‘Russian opposition simply lacks people’

Less than a week before Russians elect a new parliament, political analysts share their forecasts and opinions with RT.

As the elections loom closer, so is the end of electioneering. November 28 is the last day when the Russian media is allowed to publish poll results indicating voters’ preferences.

A poll carried out by the Interfax news agency says United Russia is likely to retain its parliamentary majority, but will lose its constitutional majority status.

The All-Russian Public Opinion Centre polls predicts United Russia is set to get between 55-58% of votes, the Communist Party of the Russian Federation 16-19%, the Liberal Democratic Party 11-14% and Fair Russia 6.5-9.5%.
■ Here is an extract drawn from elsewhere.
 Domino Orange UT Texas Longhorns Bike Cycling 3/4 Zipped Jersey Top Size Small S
Three more parties registered to take part in the elections – the Yabloko Party, Just Cause and the Patriots of Russia – polled less than the 5% minimum they would need to win seats.

Allies of the leading party say the optimistic forecast is the best possible option for both United Russia and the country.
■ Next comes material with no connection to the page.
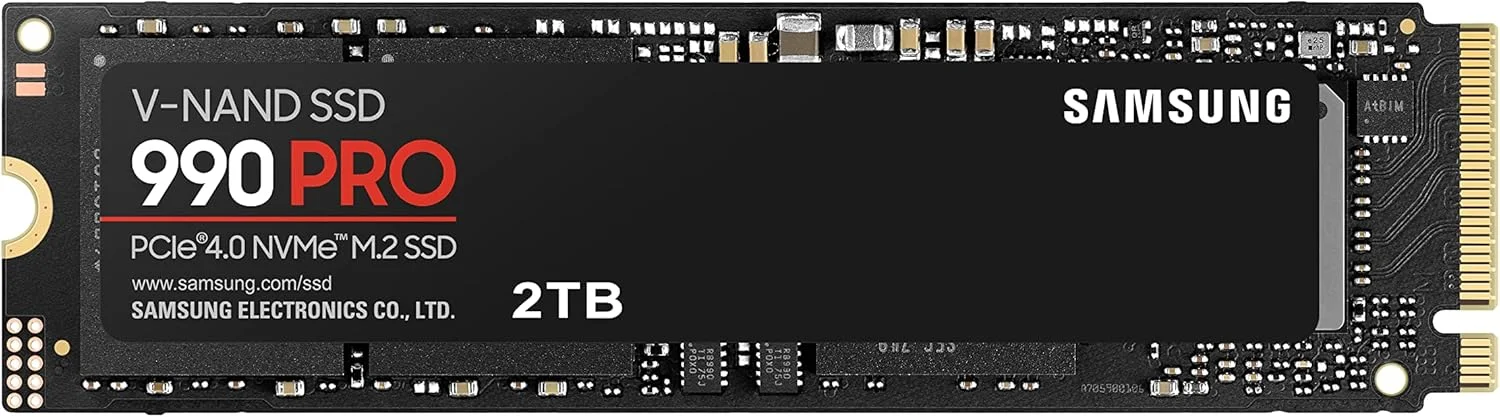 حافظه اس اس دی سامسونگ 990 PRO M.2 با ظرفیت 2000 گیگابایت، رابط PCI Express 4.0، نوع VNAND MLC و پروتکل NVMe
“The main legacy of United Russia will be political stability and economic growth,” Sergey Markov, director of Institute for Political Research, told RT. “If they stay in power, social justice will be their priority. As a result, the party will have to change itself too.”
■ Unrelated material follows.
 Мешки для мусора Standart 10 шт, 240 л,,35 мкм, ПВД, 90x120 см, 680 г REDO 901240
But journalist and political commentator Sergey Strokan told RT that United Russia is currently resting on its laurels.

“The party was set up 10 years ago, and it made a really impressive start…it capitalised on the vast popularity of Vladimir Putin. After that, they relaxed a bit. That’s the same problem as that of the Russian opposition: they prefer to criticise rather than do, thus avoiding responsibility.”

Political analysts agree that there is no real alternative to United Russia.

“The opposition is not actually capable of leading – they don’t have the leadership that could take over United Russia’s power,” Evgeny Kasevin, from the Kifir Finance Markets Players’ Club, told RT.

Dmitry Polikanov, a United Russia member, told RT that even if the opposition wins the election, it will simply lack the professionals to rule the country.

“We have analysed their human resources potential,” Polikanov said. “They will not have enough people to form a capable government ensuring that the entire system of power works.”